§ EXERCISE: Only these lines of the data below are wanted: the one with "Teac Esoteric UX-1 LE", the one with "Кульова опора важеля", and any lines between them, each repeated exactly.

§ DATA FOR PROCESSING:
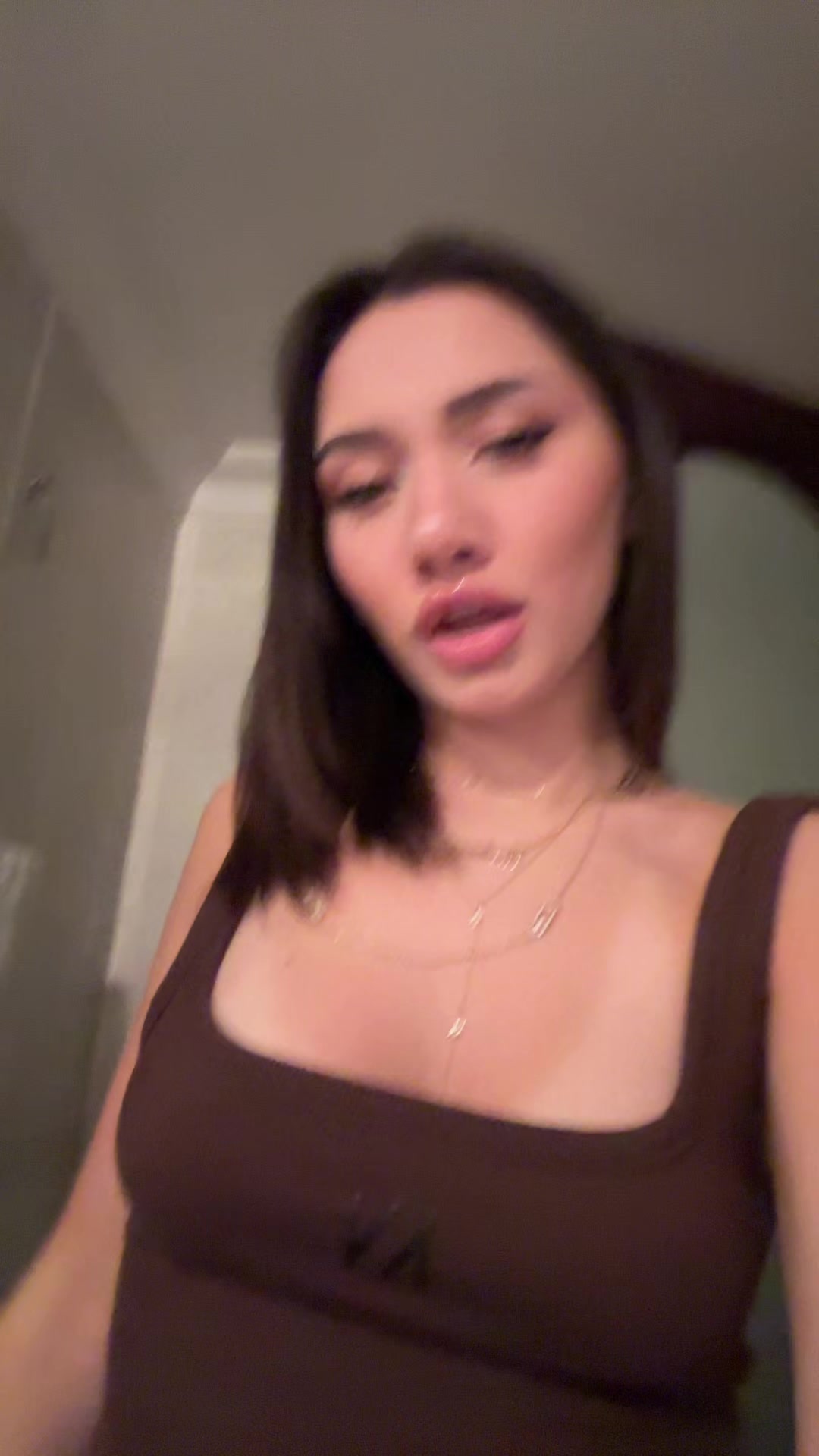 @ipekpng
---
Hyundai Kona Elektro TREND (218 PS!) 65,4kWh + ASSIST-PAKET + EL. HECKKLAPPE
==
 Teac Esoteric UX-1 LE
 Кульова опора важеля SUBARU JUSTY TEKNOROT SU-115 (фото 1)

§ TASK SOLUTION:
 Teac Esoteric UX-1 LE
 Кульова опора важеля SUBARU JUSTY TEKNOROT SU-115 (фото 1)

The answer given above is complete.